Credits: Thanks to Winston Wu for sharing the material from his Multilingual NLP class, from which I originally got the idea for this assignment. This is adapted from an assignment from my NLP course at Carleton’s Summer Liberal Arts Institute.

Please note that the autograder for this assignment is somewhat slow, because it trains your classifier and tests it on the hidden test set for the leaderboard.

Implementation Details

You will implement a naive bayes model that uses character n-gram probabilities to predict the language that a sentence is written in. You shouldn’t edit test.py or test_mini.py - in other words, you must implement the specific functions that are called in those files.

In your implementation, you should do the following:

Your calculations should all be performed in log space to avoid underflow. See the normalize function (it will compute log probabilities by default). Remember that adding log probabilities is equivalent to multiplying probabilities.
You should use add-one smoothing. You’ll do this after counting n-grams, before computing probabilities. First, create a set containing all of the character bigrams in the vocabulary. Then, loop through your likelihood counts to add one to each value. Finally, normalize! How about character bigrams that aren’t in the vocabulary at all, for any language? Their presence shouldn’t affect your prediction, so you can safely ignore them entirely.
You’ll notice that ngram_size is an argument to the constructor for your model. Your model should work for any n-gram size. This should be easy to implement using the provided get_char_ngrams function.

Resources

Starter Code

model.py

This file includes three methods that you must implement, fit, predict, and predict_one_log_proba.

`fit`

fit should train your model on the input sentence/language pairs. These are parallel lists where the language at index i in train_languages corresponds to the sentence at index i in train_sentences.

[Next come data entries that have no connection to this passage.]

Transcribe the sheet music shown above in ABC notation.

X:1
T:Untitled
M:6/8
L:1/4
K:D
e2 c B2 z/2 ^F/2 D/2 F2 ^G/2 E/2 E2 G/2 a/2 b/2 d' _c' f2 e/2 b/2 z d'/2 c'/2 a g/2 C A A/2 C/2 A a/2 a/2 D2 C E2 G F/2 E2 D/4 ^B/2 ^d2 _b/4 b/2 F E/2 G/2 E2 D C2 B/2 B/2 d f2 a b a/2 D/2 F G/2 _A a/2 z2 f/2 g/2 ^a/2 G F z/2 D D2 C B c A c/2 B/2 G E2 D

In particular, you should set self._prior and self._likelihood to the appopriate values (remember to use log probabilities and laplace smoothing). I recommend using dictionaries/dictionaries of dictionaries here for simplicity, but you can use any data structure you want.

`predict`

predict should return a list of predicted languages for each sentence in test_sentences. It should use self._prior and self._likelihood. Remember to add log probabilities and ignore unknown words!

`predict_one_log_proba`

This method is really just a helper method for predict, but it might help you to debug and it will help me with automatic grading. This method should return a dictionary corresponding to the log probability of each language for a single sentence.

scoring.py

This file includes two functions that you must implement, accuracy_score and confusion_matrix. Here are some sample test cases for each function:

`accuracy_score`

y_true = ["spa", "eng", "spa"]
y_pred = ["eng", "eng", "spa"]
print(accuracy_score(y_true, y_pred))
# prints 0.6666666666666666

`confusion_matrix`

Note that confusion_matrix and print_confusion_matrix use the labels list argument to determine the column labels. This means that there may be additional rows in the matrix that aren’t in the true/predicted labels.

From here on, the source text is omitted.